Late in Karl Marlantes’ memoir-philosophical treatise What It Is Like to Go to War, a follow-up to his acclaimed Vietnam novel Matterhorn, the author makes a plea for how America should treat its returning veterans from current and future wars.


“There should be parades, but they should be solemn processionals, rifles upside down, symbol of the sword sheathed once again,” he writes. “They should be conducted with all the dignity of a military funeral, mourning for those lost on both sides, giving thanks for those returned. Afterwards, at home or in small groups, let the champagne flow and celebrate life and even victory if you were so lucky — afterward.”


It’s the kind of homecoming that Marlantes and many other Vietnam veterans were denied: “Many of my compatriots are still not back from the war.”


It isn’t that Marlantes has a particularly unique take on the horrors of Vietnam or the ill treatment afforded returning veterans. He does not. See Oliver Stone’s Platoon or the stories of Tim O’Brien. But the passion and self-revealing pain of What It Is Like to Go to War make it a must-read for anyone interested in that now long-ago war, the men who fought it, and the country that, in its confusion and political turmoil, treated many of those soldiers shabbily.


A glance at recent headlines about suicide and post-traumatic stress disorder among Iraq and Afghanistan veterans shows that Marlantes’ concern is not specific to the Vietnam veteran. “We cannot expect a normal eighteen-year-old to kill someone and contain it in a healthy way,” he explains. “They must be helped to sort out what will be healthy grief about taking a life because it is part of the sorrow of war.

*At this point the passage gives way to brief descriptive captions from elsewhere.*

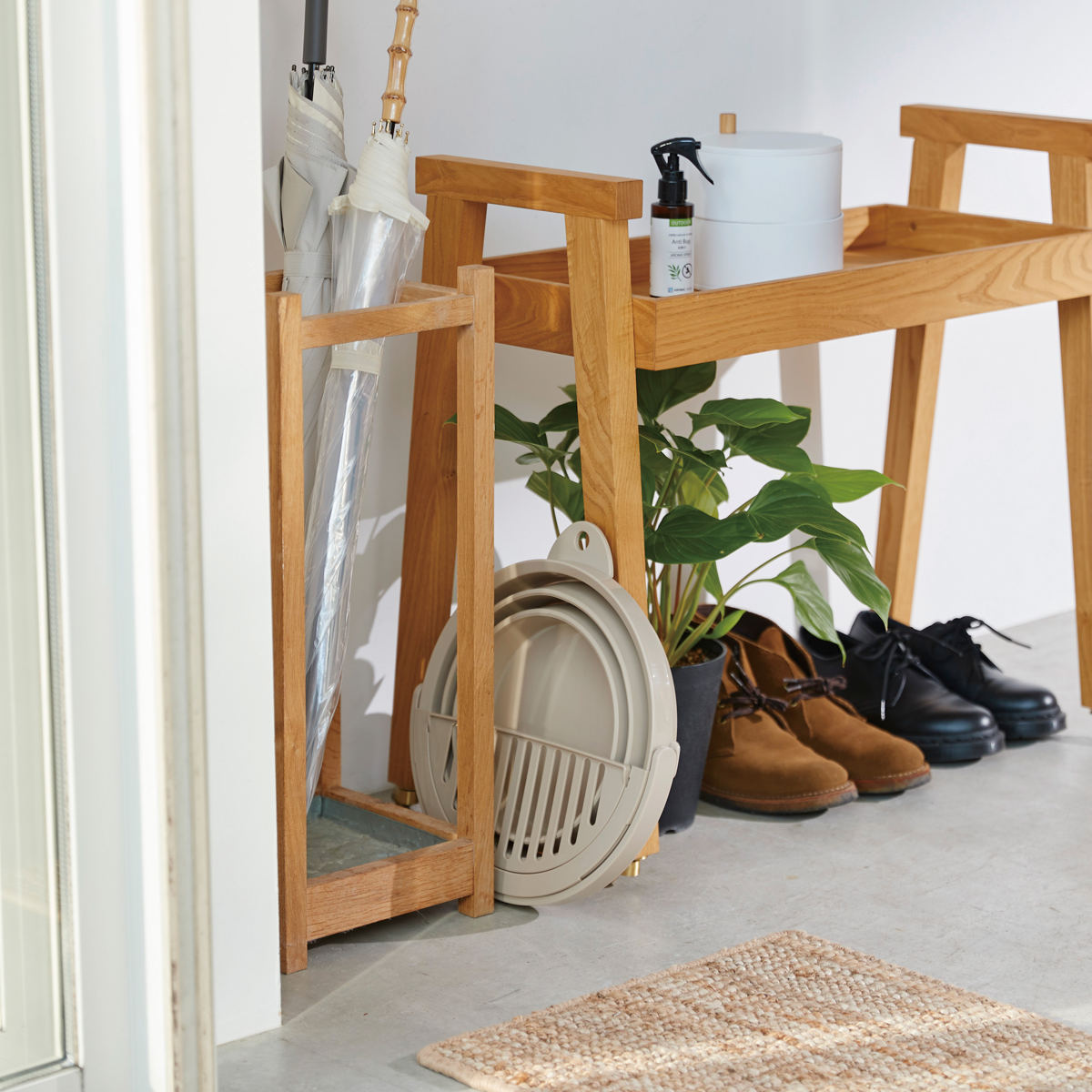 バケツ 折りたたみ 8L ちょい置きトレー付 ソフトバケツ ( 折りたたみバケツ 8リットル たためる 丸型 掃除 漬け置き トレー 水切り 日本製 吊り下げ収納 清掃 おりたたみ コンパクト スリム 洗濯 ) 【ミントグリーン】 ミントグリーン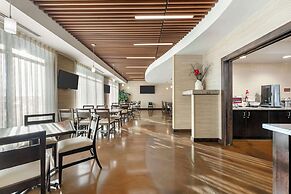 Best Western Plus Lakeview Hotel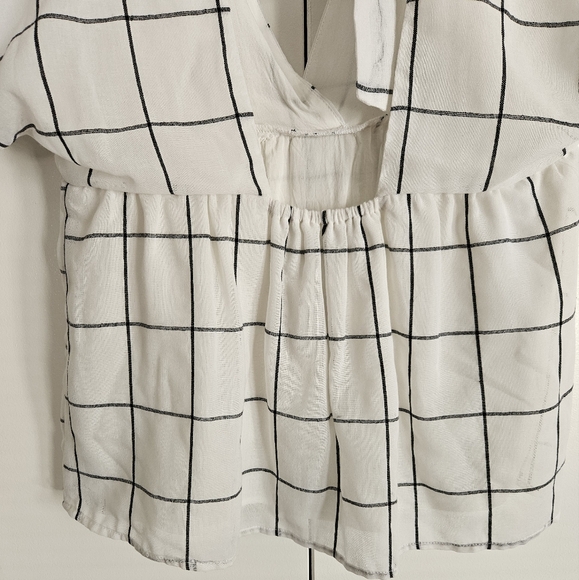 HYFVE Deep V Top - Picture 8 of 8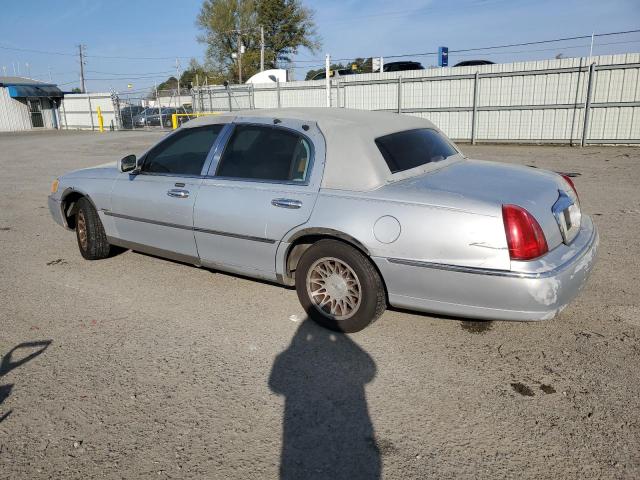 Image 2 of 2000 LINCOLN TOWN CAR SIGNATURE 2000 with VIN 1LNHM82W3YY864380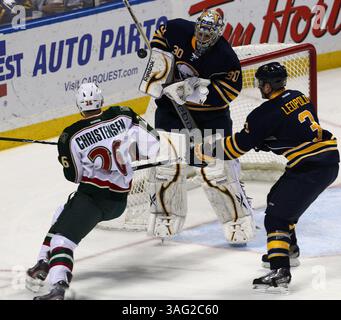 NHL-Buffalo Sabres vs Minnesota Wild, Mi., 24. März 2012 Buffalo Sabres Torwart Ryan Miller (30) macht einen Spar-Up-Schuß von Minnesota Wild, Erik Christensen (26), als Buffalo Sabres Verteidiger Jordan Leopold (3) spät ins Spiel kommt, um seinen Torwart in der zweiten Periode zwischen den Buffalo Sabres vs Minnesota Wild aus dem ersten Niagara Center, Buffalo , New York, 7. März 2012 zu unterstützen ZUMAPRESS.com. Stockfoto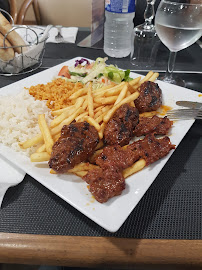 Plats et boissons du Restaurant turc Grill Istanbul à Chennevières-sur-Marne - n°3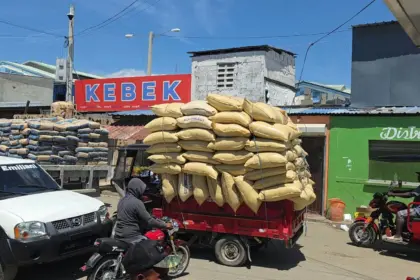 Comercio binacional en Dajabón opera con normalidad pese a rumores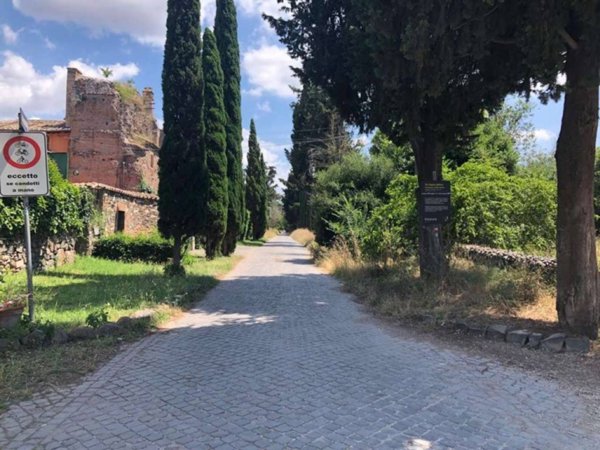 casa indipendente in vendita a Roma in zona Ardeatino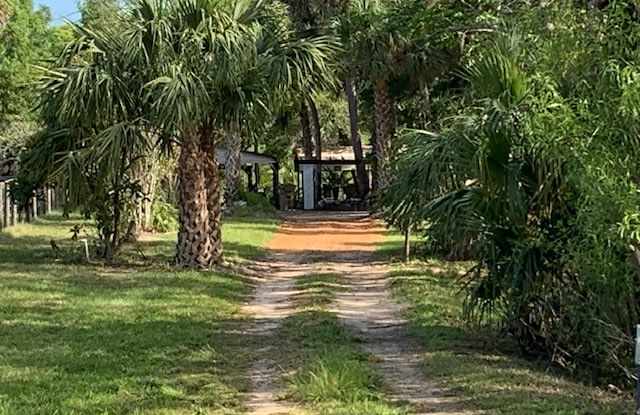 40911 Emeralda Island Rd - 40911 Emeralda Island Road, Lake County, FL 34788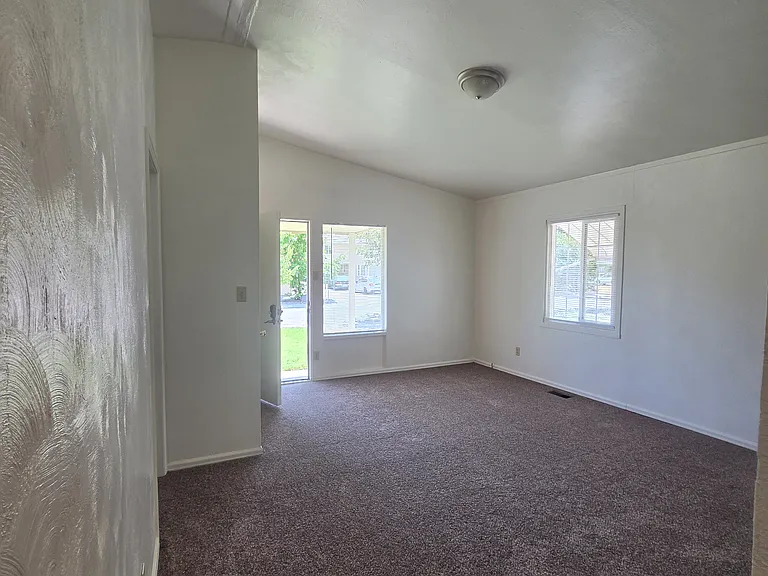 1334 Kennedy Ave — Photo 7
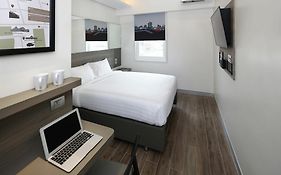 Red Planet Cubao Aurora Boulevard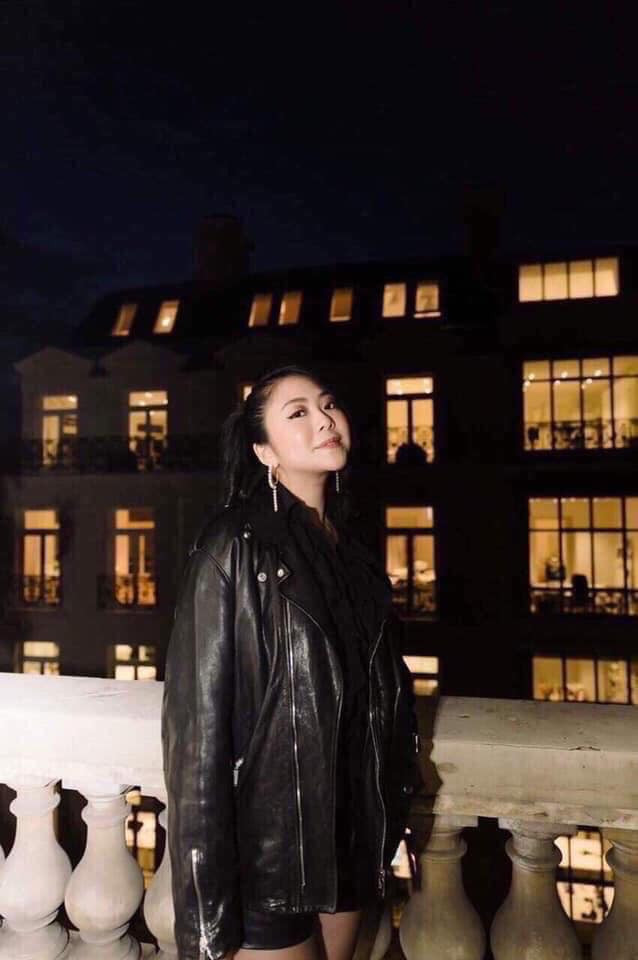 Sau khi thông tin về trên của Hồng Nhung được lan truyền trên MXH, dân tình đã không thể ngồi yên và không ít những lời chỉ trích về hành động làm ảnh hưởng đến biết bao người của cô gái 26 tuổi này.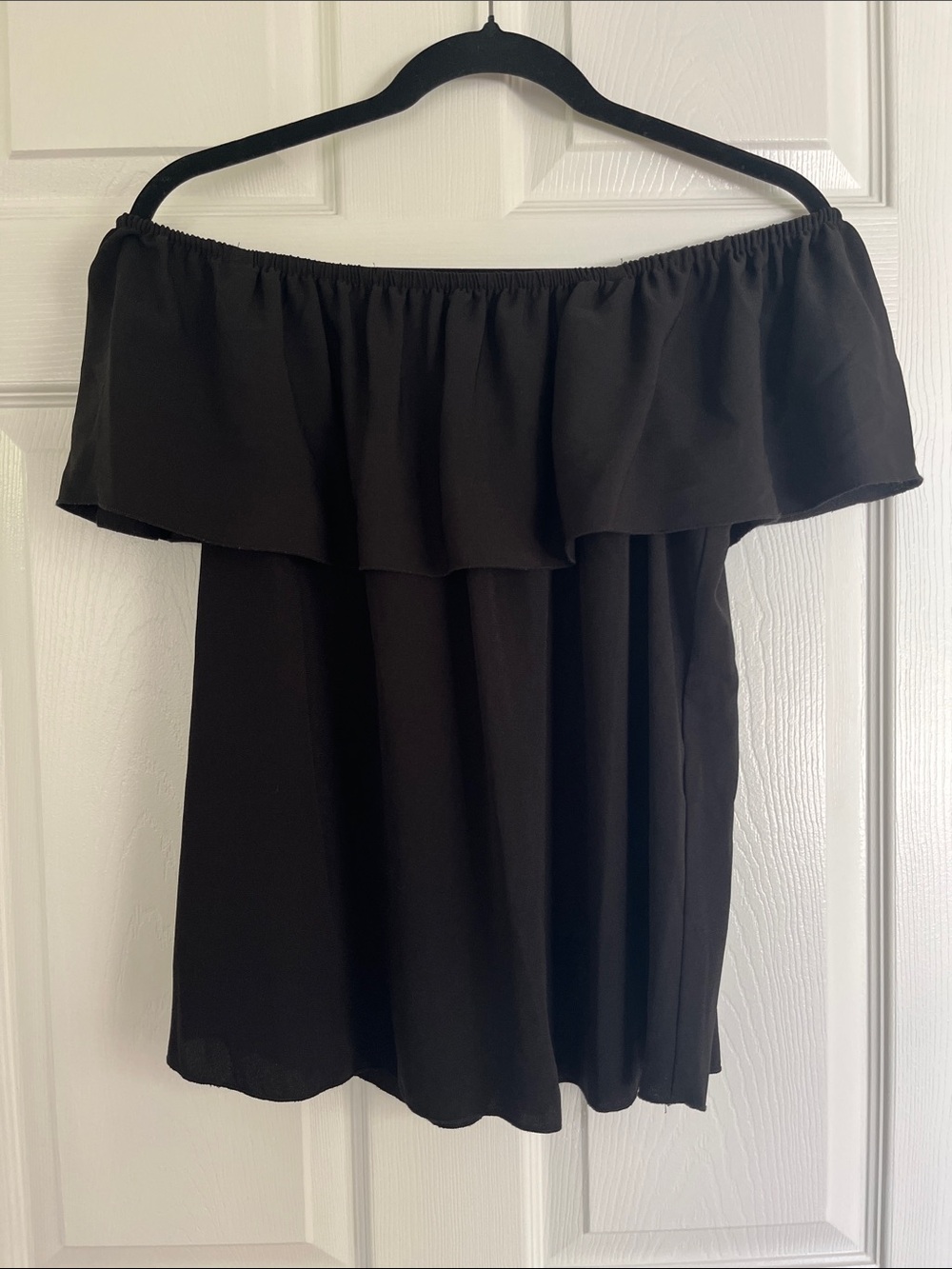 Catherine Malandrino Black Off-Shoulder Ruffle Crop Top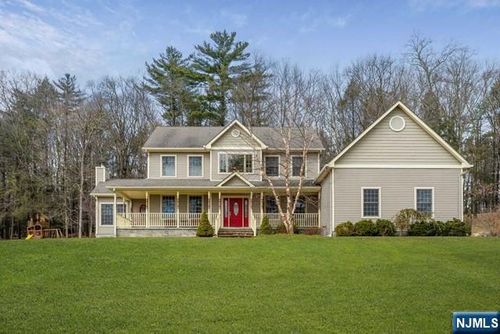 29 Cole Haven Ter W, Montague, NJ, 07827-3117 | Card Image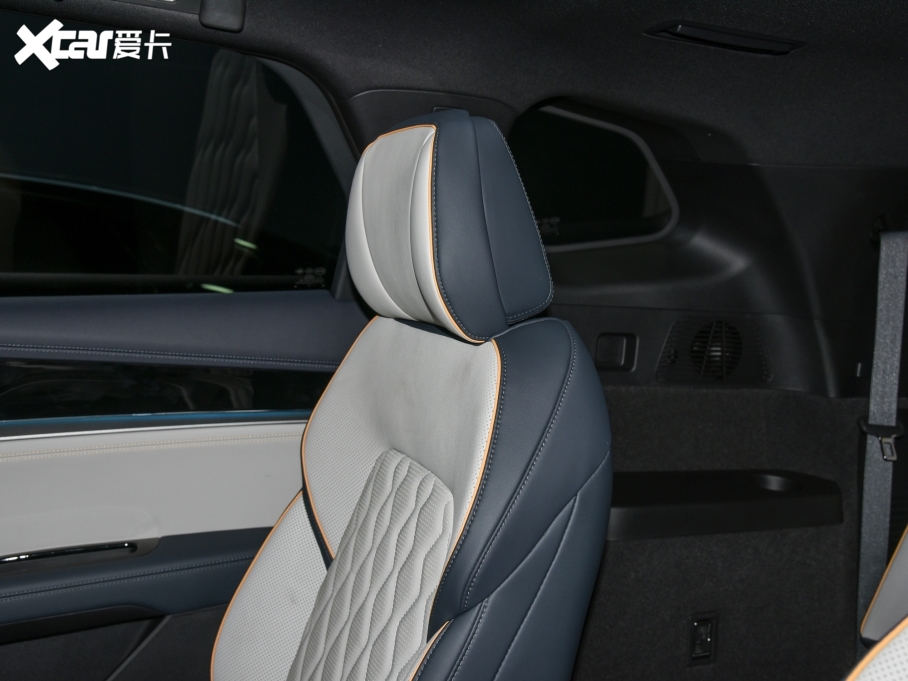 2022Դ DM-p 215KM Ş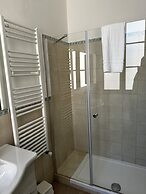 Domo Achenza Guesthouse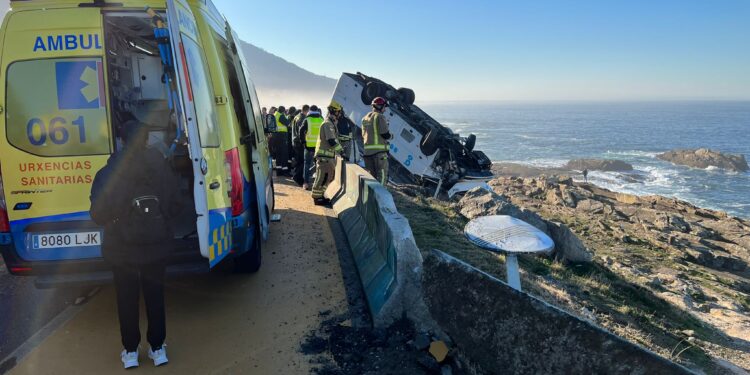 Cuatro personas heridas al volcar un microbús sobre una zona rocosa de Cabo Silleiro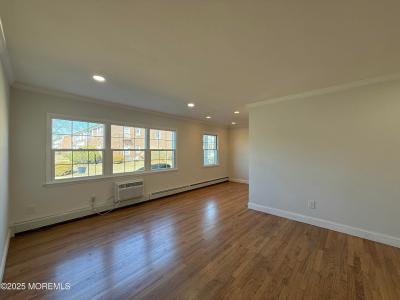 58 Stonehurst Boulevard #D, Freehold, Nova Jersey 07728, Estados Unidos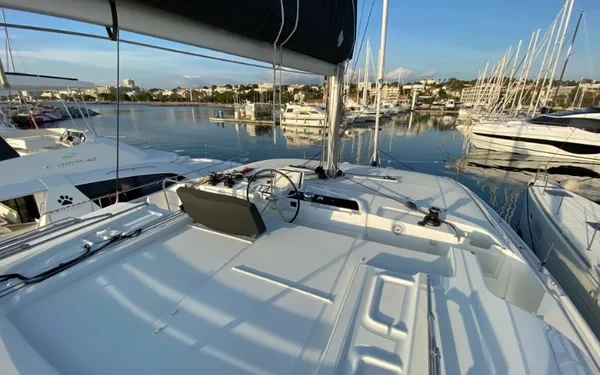 Lagoon 46 - Boatscribe.com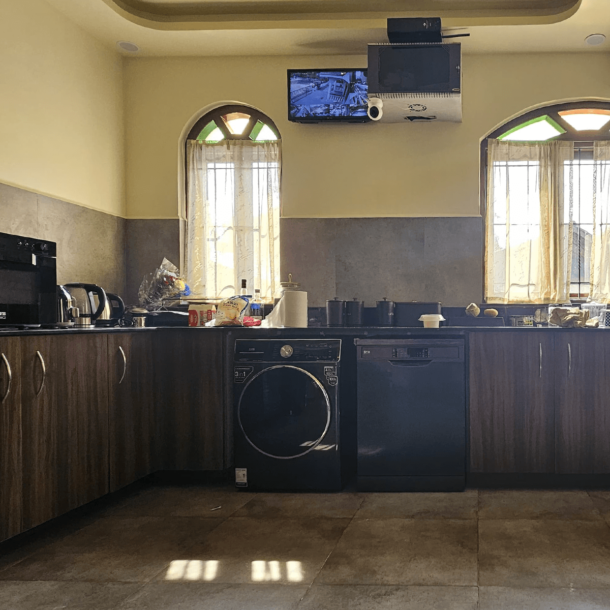 Aapna Adda | 6BR Pvt Pool Villa · Free Breakfast 13
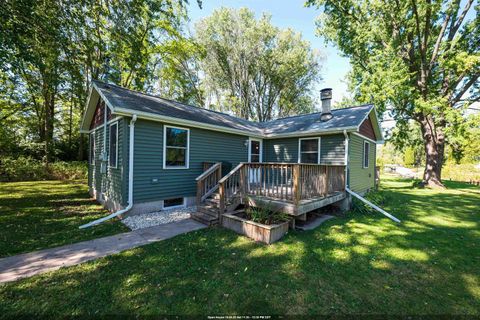 Photo of 8096 CHANNEL Lane, OMRO, WI 54963 (MLS # 50315797)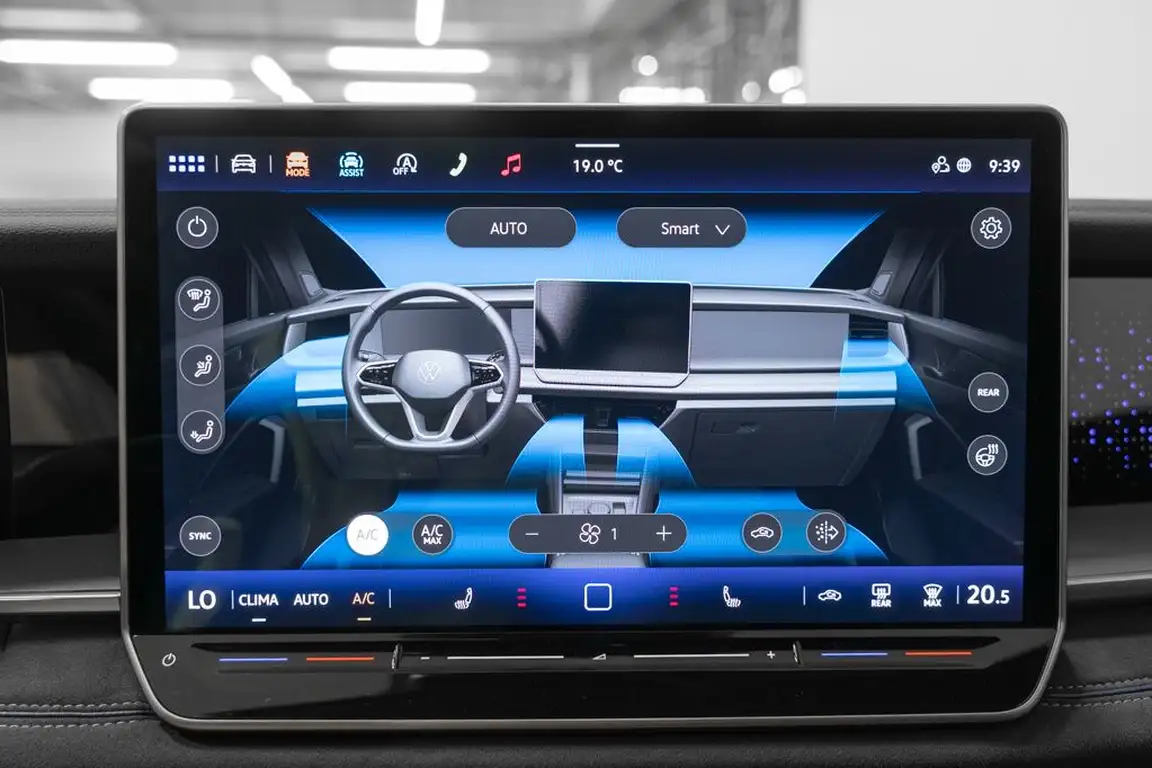 VOLKSWAGEN TAYRON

The drugs, alcohol, and suicides are ways of avoiding guilt and fear of grief. Grief itself is a healthy response.”


As any reader of Matterhorn knows, Marlantes is top-notch in describing ground combat and its morally brutalizing effect on warriors. His attempt to find literary and psychological references to explain combat is another matter; some of the references work, some are a graduate-school stretch. What It Is Like to Go to War, then, is much like the years — mid-‘60s to early ‘70s — that it covers: complex, contradictory, messy and alternately high-minded and self-absorbed. After nearly four decades of brooding about Vietnam, military service, the meaning of masculinity in America and other weighty topics, Marlantes has yet to develop a concise or unified theory.


Still, with an intellect as sharp and critical as Marlantes’, and a temperament not afraid to display confusion or remorse, What It Is Like to Go to Waris more than worth the effort of any reader. Take, for example, his Marine service: Marlantes, a decorated officer, is proud to have led Marines into combat and to have shared in their sense of brotherhood: “The least acknowledged aspect of war, at least these days, is how exhilarating it is. It makes people very uncomfortable. It is not only politically incorrect; it goes against the morality taught in our schools and churches…. There is a deep, savage joy in destruction, a joy beyond ego enhancement. Maybe it is loss of ego, I’m told it’s the same for religious ecstasy.”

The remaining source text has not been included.